___ Data extract ___

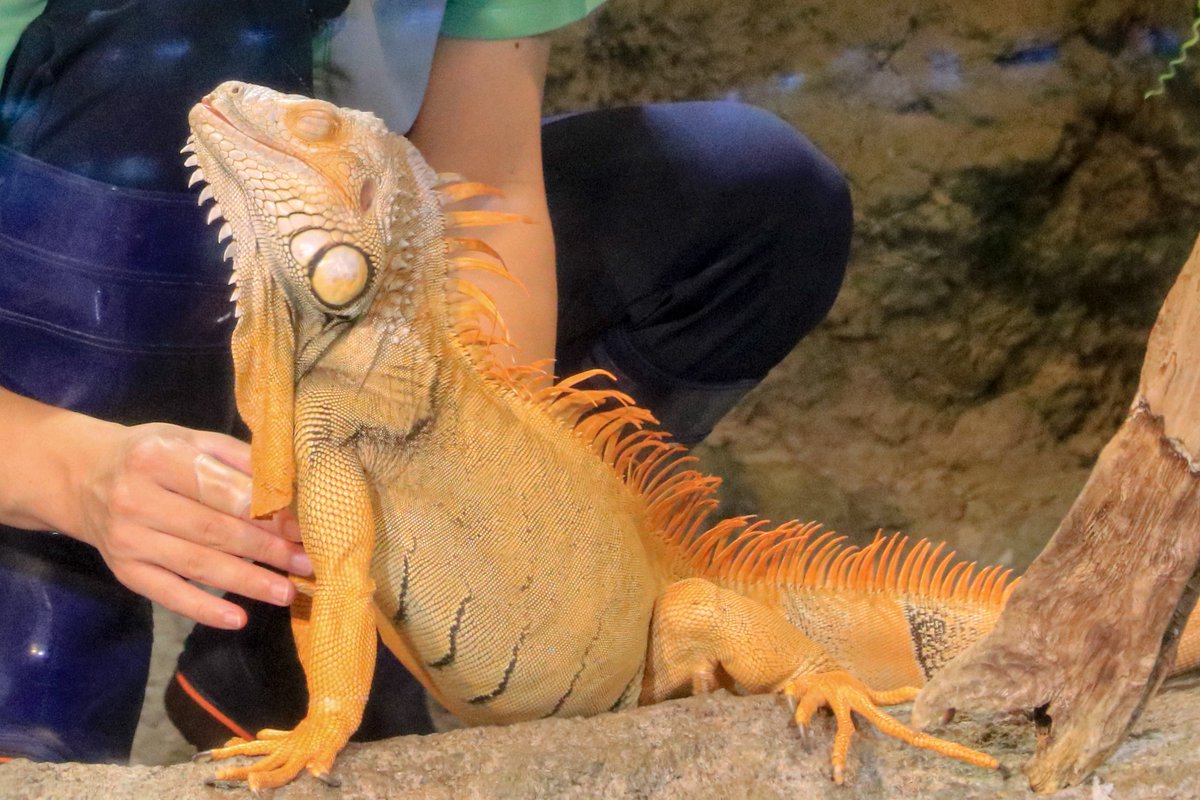 starrygarden's tweet photo. 先日の健康診断の後で行ったサンシャイン水族館。

パフォーマンスが復活してた。

カワウソのパフォーマンスの復活は、もうないのかな。

#サンシャイン水族館 https://t.co/gfIbyvLMjr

___

_What to do_:
Starting at the line that contains "カワウソのパフォーマンスの復活は、もうないのかな。", output each remaining line of the listing, the last line included, exactly as it appears.

_Output for this exercise_:
カワウソのパフォーマンスの復活は、もうないのかな。

#サンシャイン水族館 https://t.co/gfIbyvLMjr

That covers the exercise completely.